By Alex Henthorn-Iwane, Senior Vice President of Marketing, Gluware
Titan AI is Gluware’s agentic capability for network automation, helping engineers automate more accurately and extending that skill beyond a small circle of experts. It runs on Gluware’s Proof of Agentic Trust framework, pairing agentic reasoning with independent, deterministic validation so outcomes are accurate, not just plausible. We spoke with a network leader at a large enterprise that operates in a regulated industry, about how his team uses it.
How is your team using Titan AI today?
Titan lets someone verify something before they do it. I’ve turned it over to our Level 2 engineers, for example, if they’re unsure how to set a configuration on a Cisco device, I have them ask Titan first. I use it heavily for config modeling: how to build a proper model, or help with syntax so I don’t pull the wrong thing when I execute it. I’m also using it to grow my own Gluware skills, so I open fewer support tickets.
You mentioned syntax and config modeling specifically. Why does getting that exactly right matter so much in your environment?
In networking, “probably right” isn’t an acceptable standard to operate on. If someone in our team asks an AI a question at the command line and it gives back wrong information on a core router, that could turn into a major incident. I work for an organization where our infrastructure supports sensitive and regulated operations, so I have to be extra cautious. I still run validated Gluware config models on network test lab devices before production because these systems are that critical. An automation product in this type of setting has to work out of the box. There’s zero tolerance for error.
Given that bar, what gives you confidence in what Titan actually produces?
It’s not one agent trusting another agent’s answer. Titan validates what it generates using the device translation layer built into the Gluware platform. My experience is that it works. I’ve put in a regex I thought was correct and asked it to check my work, and it’s caught mistakes, like one wrong backslash that would have meant something completely different. There’s also a simulator that runs the logic against Gluware’s tool call validations without applying it, so I see the outcome before it touches the network. I think of Titan as our double-checker.
Beyond catching mistakes, how has that changed who on your team can build automation?
There’s less fear of trying to automate. Raw scripting or playbooks or Terraform takes syntax fluency most of us don’t use often enough to build into muscle memory. Titan gives less experienced engineers a phone-a-friend, so they can ask a question and get guided to the answer instead of being blocked.
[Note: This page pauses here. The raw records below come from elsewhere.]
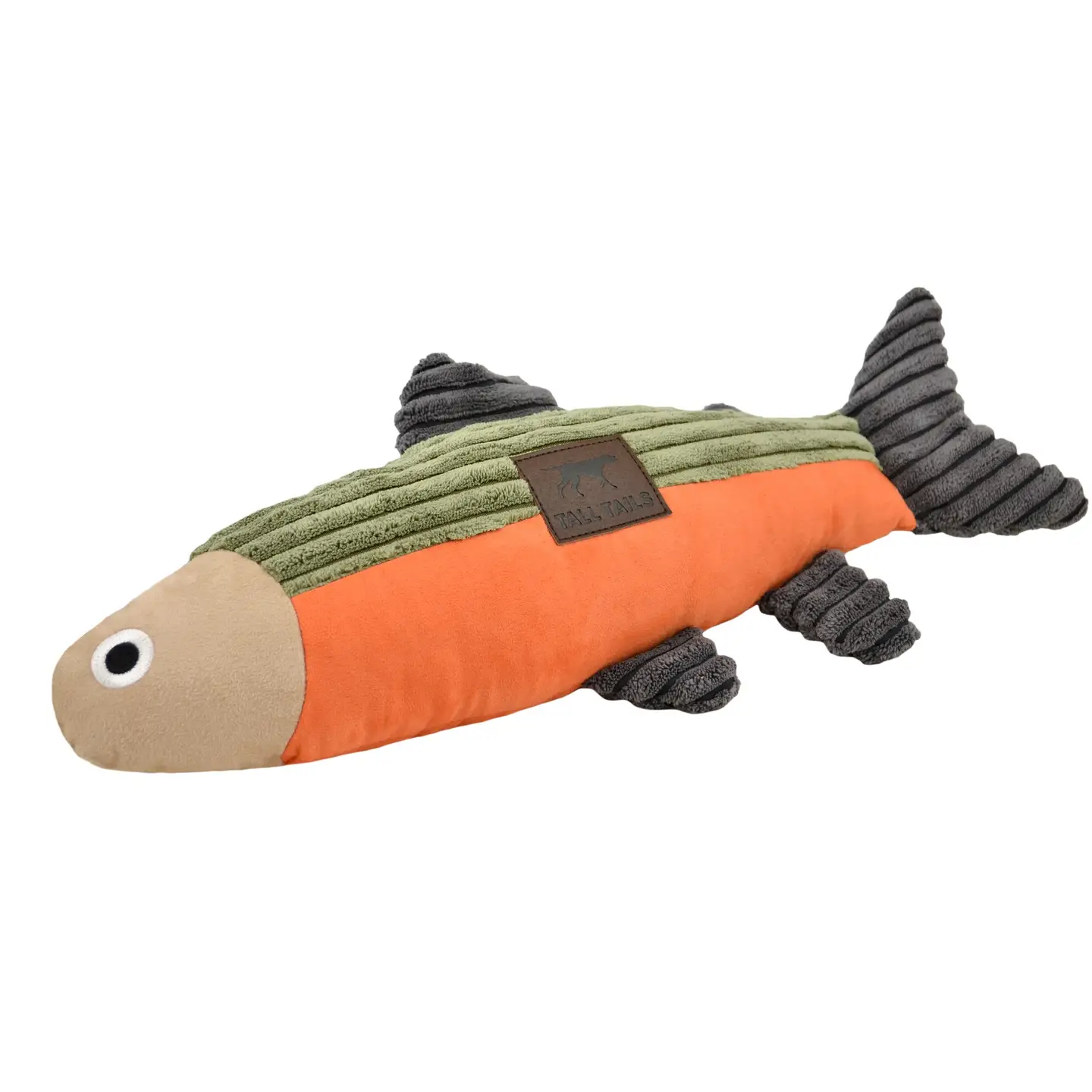 12" FISH SQUEAKER TOY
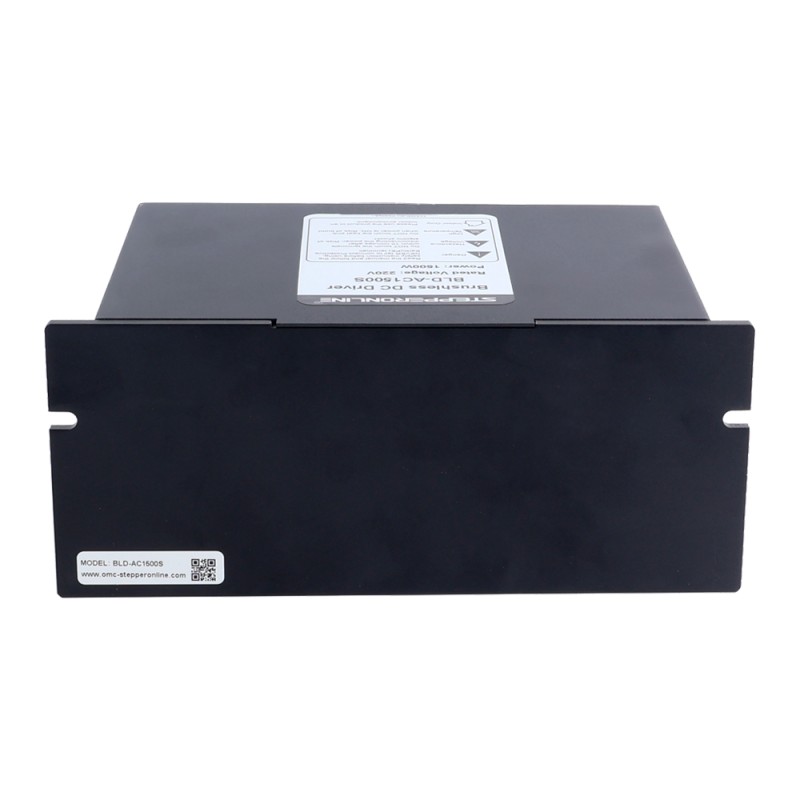 Dijital Fırçasız DC Motor Sürücüsü 110/220VAC Maks 10.0A 1000W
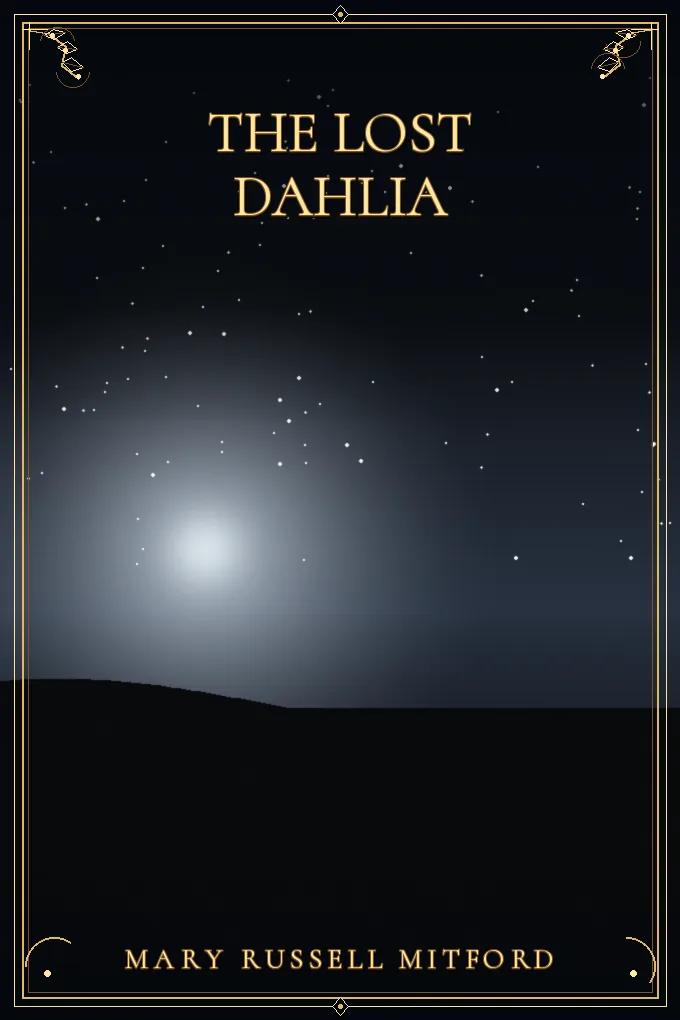 Cover of The Lost Dahlia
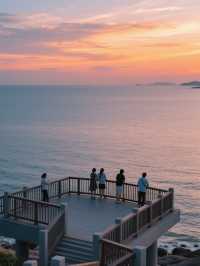 廈門海邊治癒手冊甜到炸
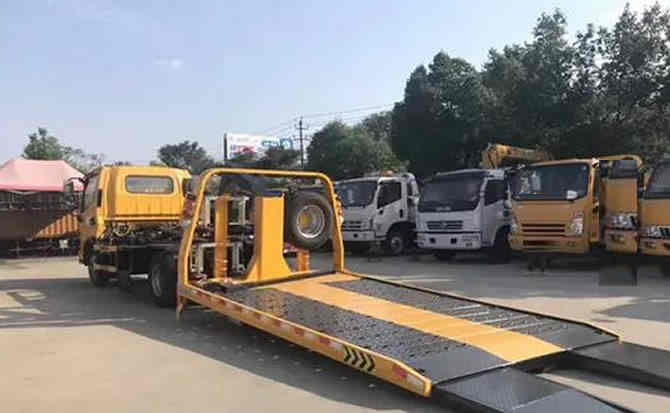 资兴汽车中途维修案例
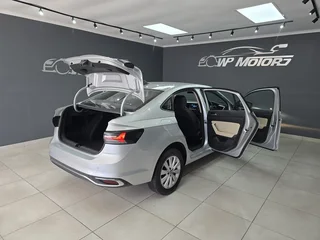 2024 VOLKSWAGEN POLO 1.0 TSI LIFE TIPTRONIC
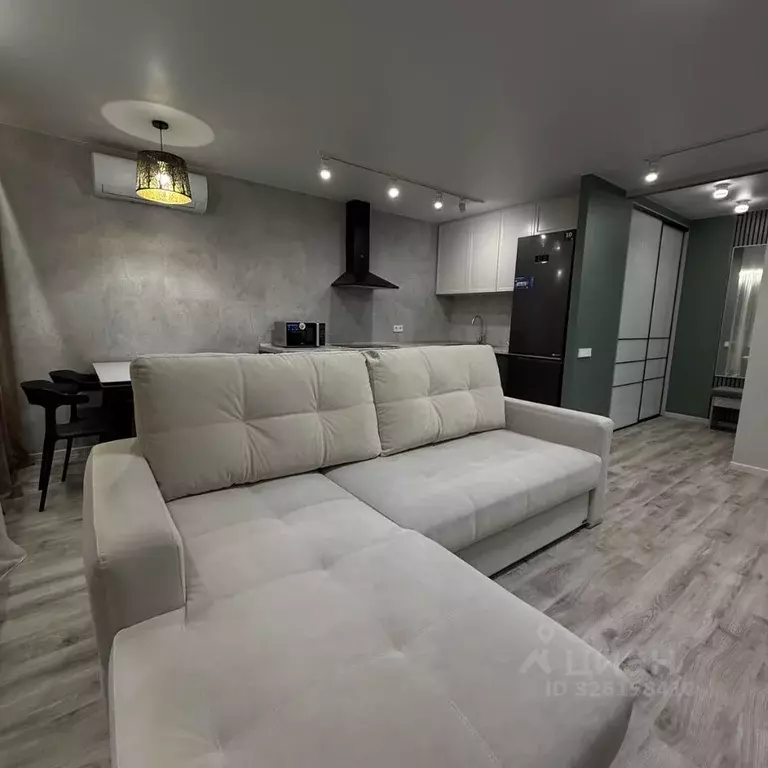 2-к кв. Томская область, Томск ул. Аркадия Иванова, 21 (56.0 м) - Фото 2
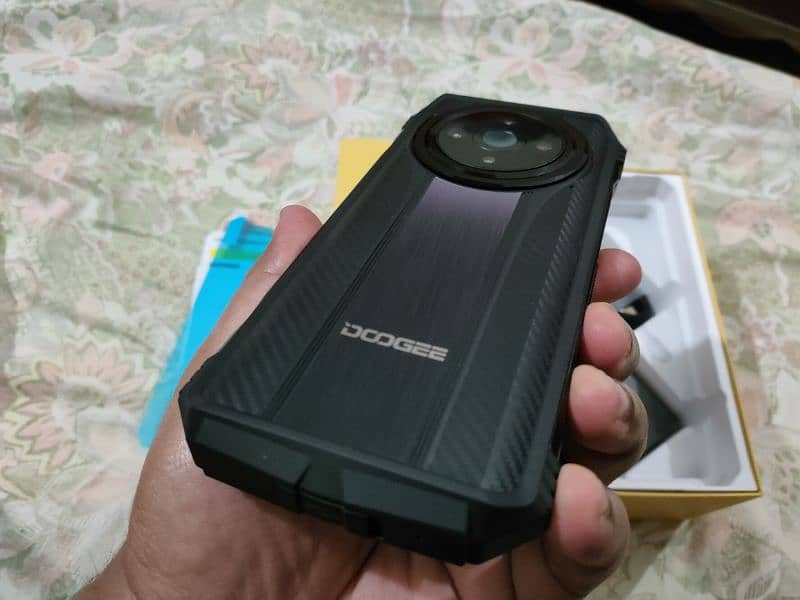 Doogee V31GT - Rugged Phone - Official PTA 1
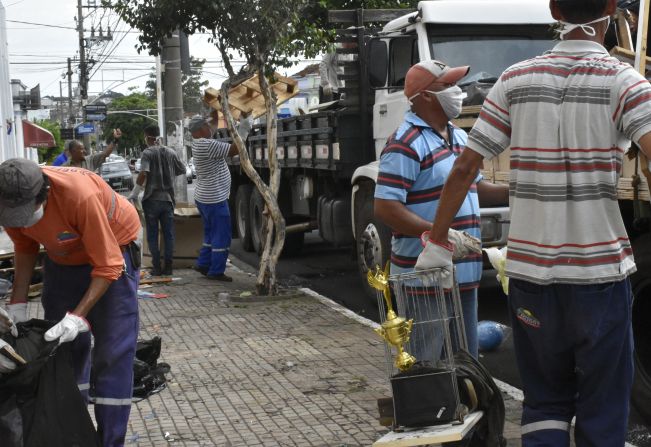 Relatório de ações comprova empenho da Prefeitura de Agudos no combate à Dengue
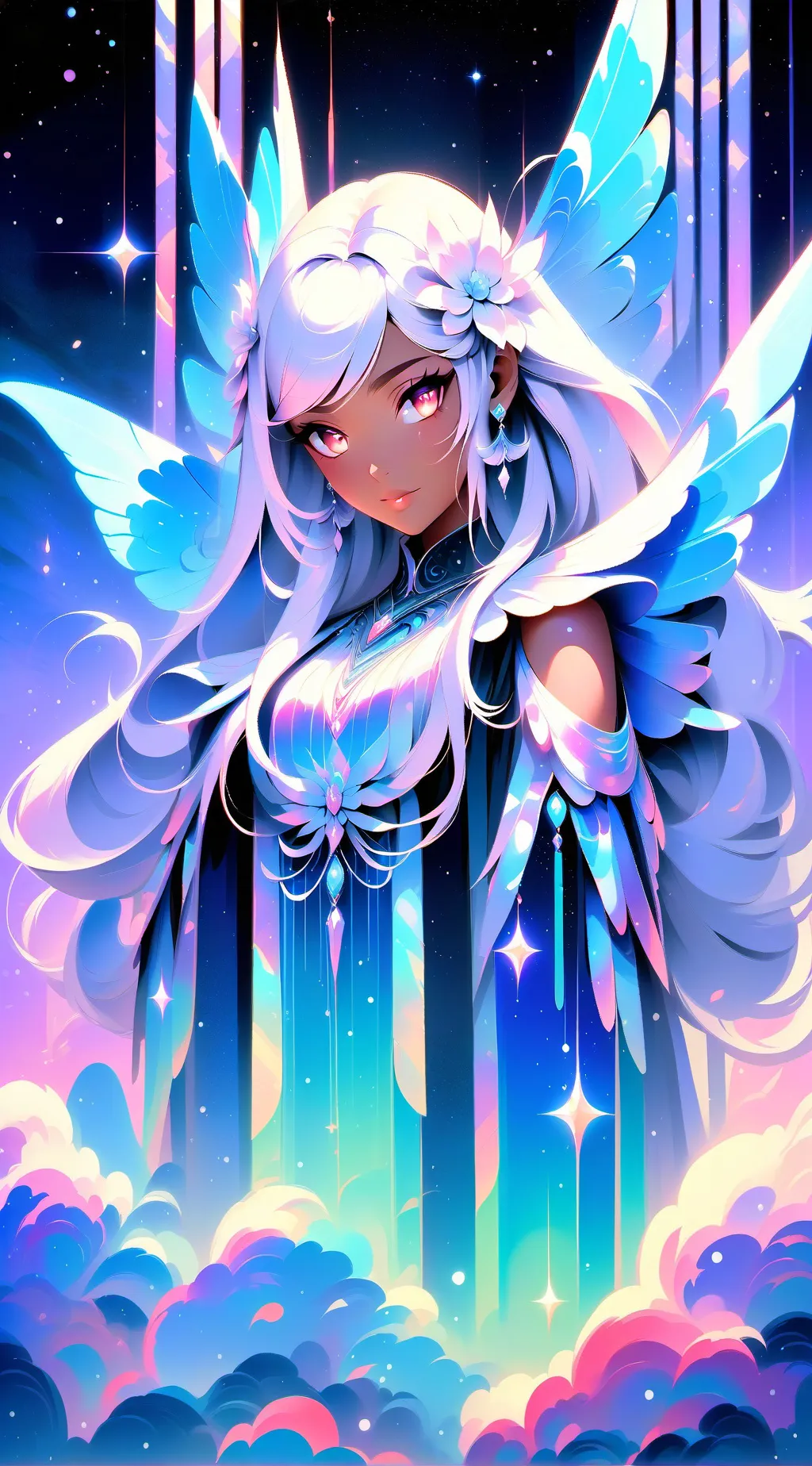 ai character: forsaken(de temu✨) background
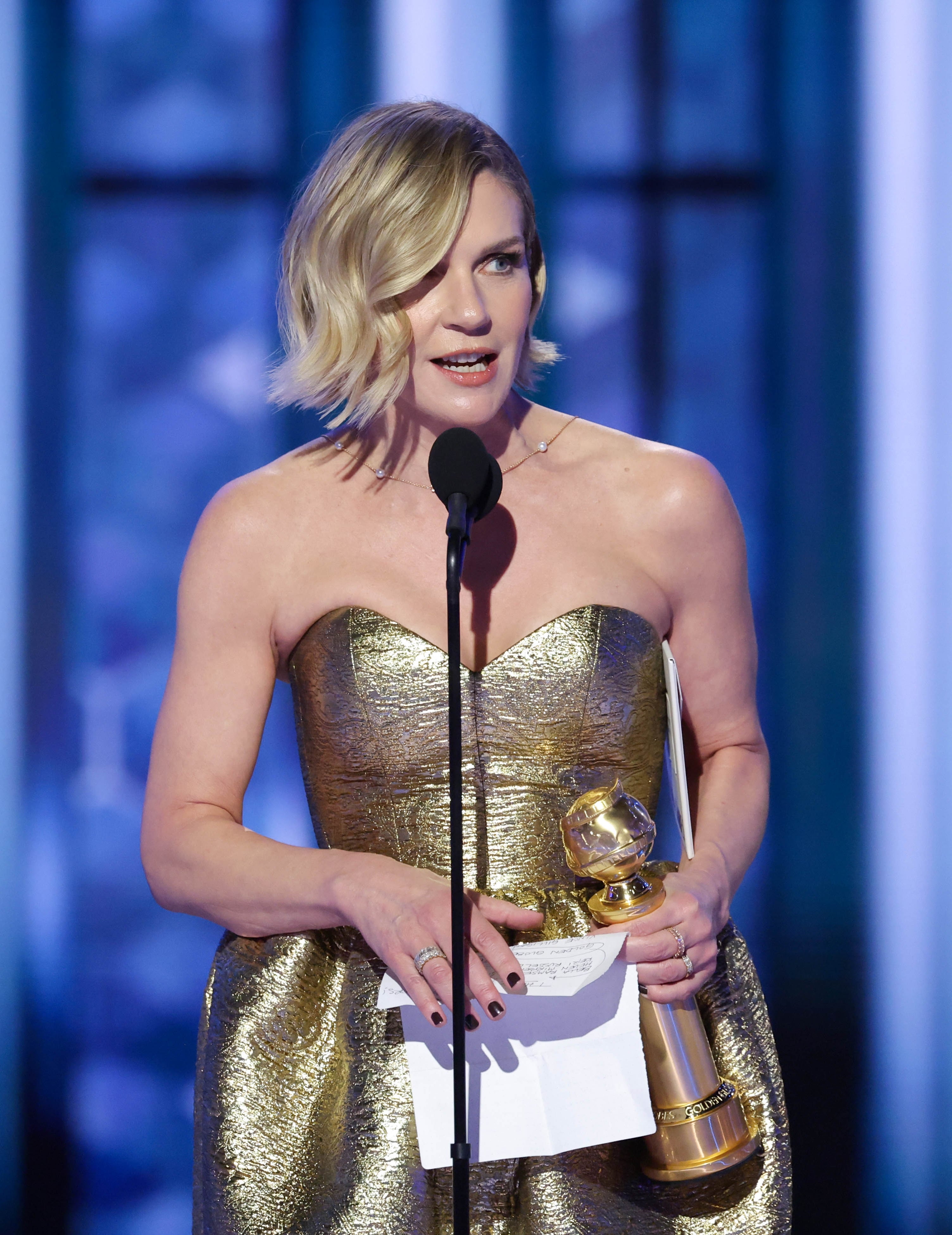 In case you missed it, here are all the winners from the 2026 Golden Globes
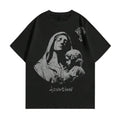 Vintage Street Life Men's Christian Cross Graphic Tee, Sweatshirt, Hoodie Gift For Women Top Womenswear Underwear Cotton...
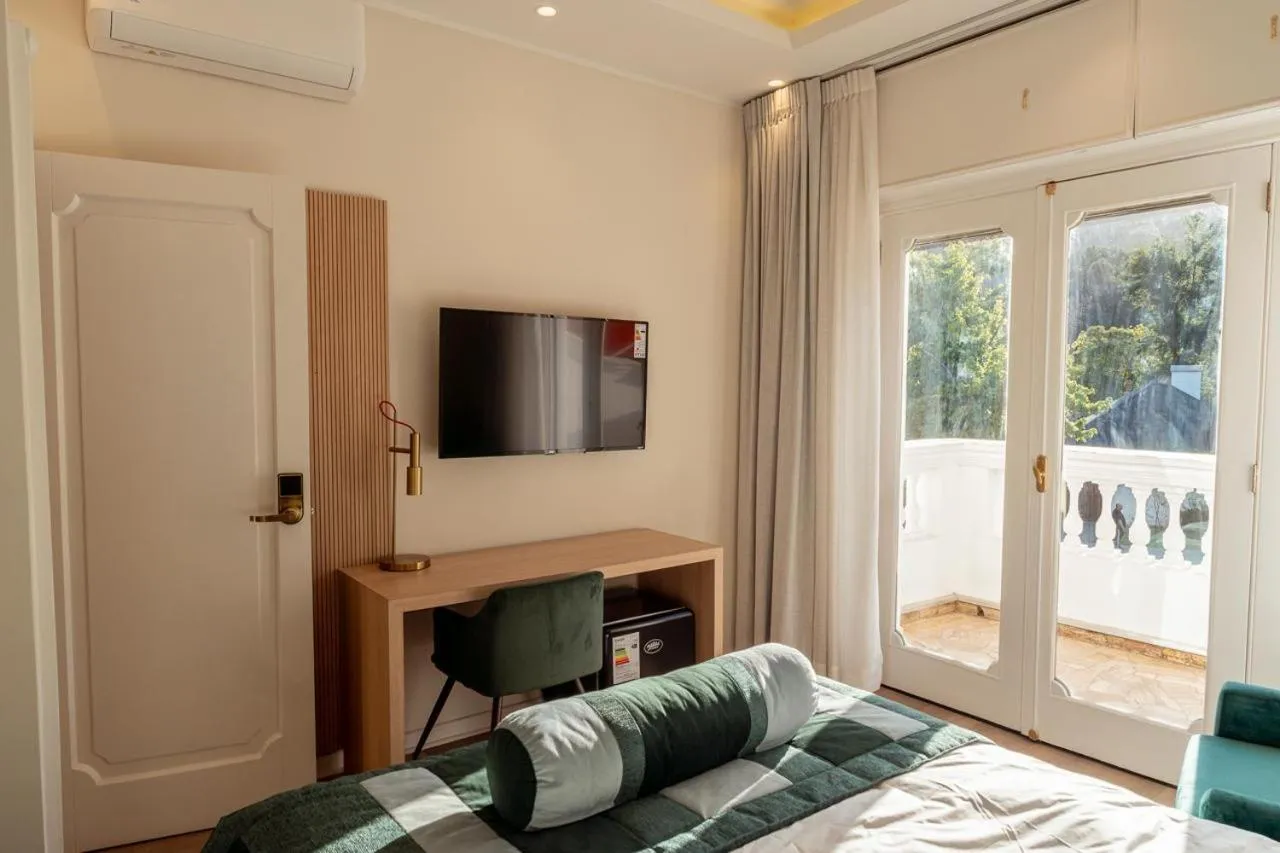 Bed in Casa D'Agostino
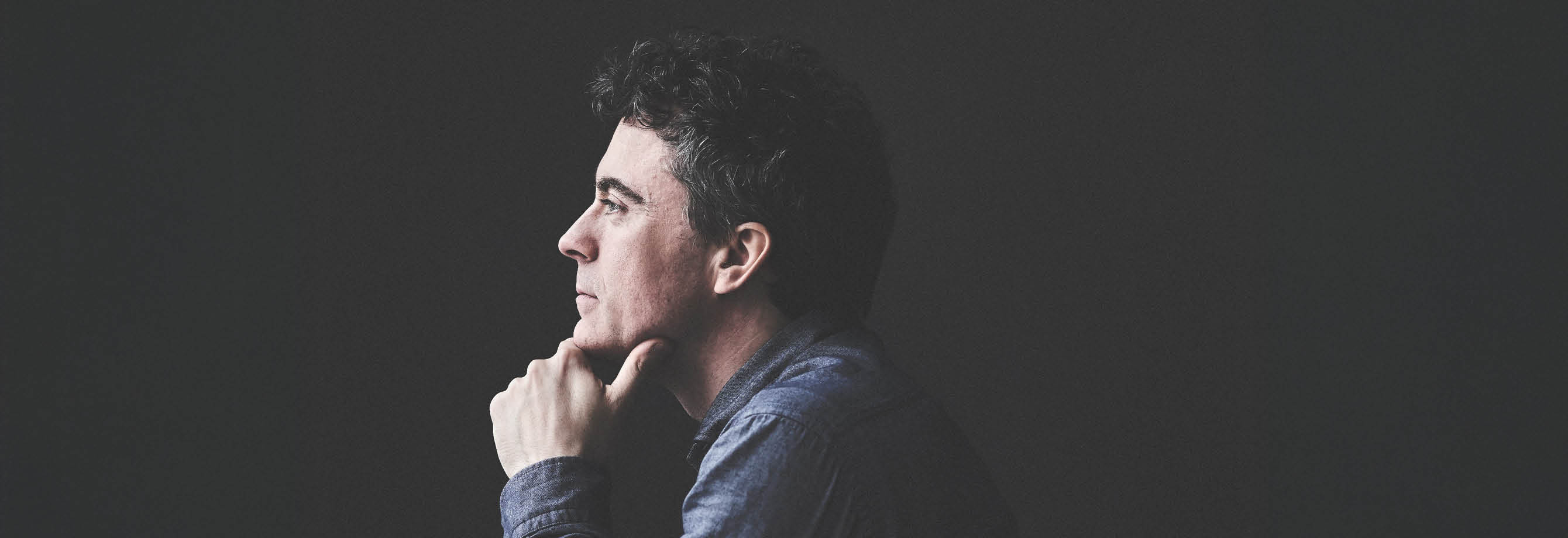 Pianisten Paul Lewis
That lowers the friction to get into automation.
Where do you see that heading for your team longer-term?
Once people aren’t afraid of the syntax, they skill up: how do I design this well, not just run it. It’s the shift the industry went through with lower-level coding — nobody writes machine code anymore, because it became abstracted. That made engineers more productive, not less capable. Agentic assist means we can move away from having to focus on the lower-level aspects of automation, toward being able to architect for the outcomes the business wants. A good agentic layer pushes the whole team up that ladder.
Standing back, what’s the overall value to your organization?
Work that took several weeks in raw scripting mode now takes well under a week in Gluware, largely because Titan removes the guesswork. But the bigger value is that it lets more of my team build automation confidently, in an environment where we simply cannot afford to be wrong.